The report says there is “disturbing evidence that the measures currently being used to try to control the financial situation could fairly be described as ‘short-term expedients’ or ‘salami slicing’”.
It says: “We are not persuaded that the actions currently being planned will allow the situation to be sustainable over the four years of the spending review.”
The report questions the approach of the Department of Health’s quality, innovation productivity and prevention programme, saying too many of the savings are expected to be made by reducing tariff payments to hospitals, rather than major service redesigns.
It says: “The Nicholson challenge can only be achieved through a wide process of service redesign… These changes should not be deferred… they must happen early in the process if they are to release the recurring savings that will be vital.”
The committee calls on the DH to be clearer about how it is promoting service and commissioning integration, particularly between health and social care.
It says the DH has shown “precious little evidence of the urgency which it believes this issue [integration] demands” and calls for “as a matter of urgency, the DH [to] investigate the practicalities of greater passporting of NHS funding to social care”.
It calls for “underperforming commissioners [to be] held to account for failure to engage” in pursuing integration.
In relation to the government’s reorganisation of the NHS – under which primary care trusts and strategic health authorities will be abolished next year – the committee says: “The reorganisation process continues to complicate the push for efficiency gains.
“Although it may have facilitated savings in some cases, we heard that it more often creates disruption and distraction.”
However, Mr Dorrell said: “It is not a report about the bill. By far the biggest concern is not to do with the bill, it’s the ability of the system to get on and deliver the efficiency gain.” He said the government and DH should be “making it clear the priority facing the system is to change the way care is delivered, to deliver more integrated care”, rather than to implement the reorganisation.
Responding to the report, NHS Confederation chief executive Mike Farrar said: “This report starkly highlights the weight of financial pressure that is bearing down on the NHS. It shows the uncertainty people are working with and how dangerous it could be for short-termism to dominate the response.

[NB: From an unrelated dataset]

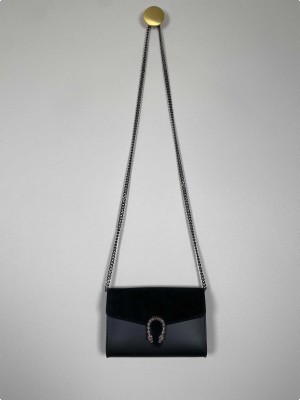 Gucci suede/leather dionysus crossbody, black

“I would urge all MPs to take on board the findings of their own committee’s report and to back NHS leaders as they seek to drive the necessary changes. It is not always right to lead the protest march. MPs should back change where there is a persuasive case that it will deliver higher quality and sustainable services for patients.”
King’s Fund chief economist John Appleby said: “The report should serve as a wake up call for ministers and the NHS about the magnitude of the task ahead.
“If delivering the productivity improvements required is challenging now, it will only get more difficult during a financial squeeze that is set to last several years.”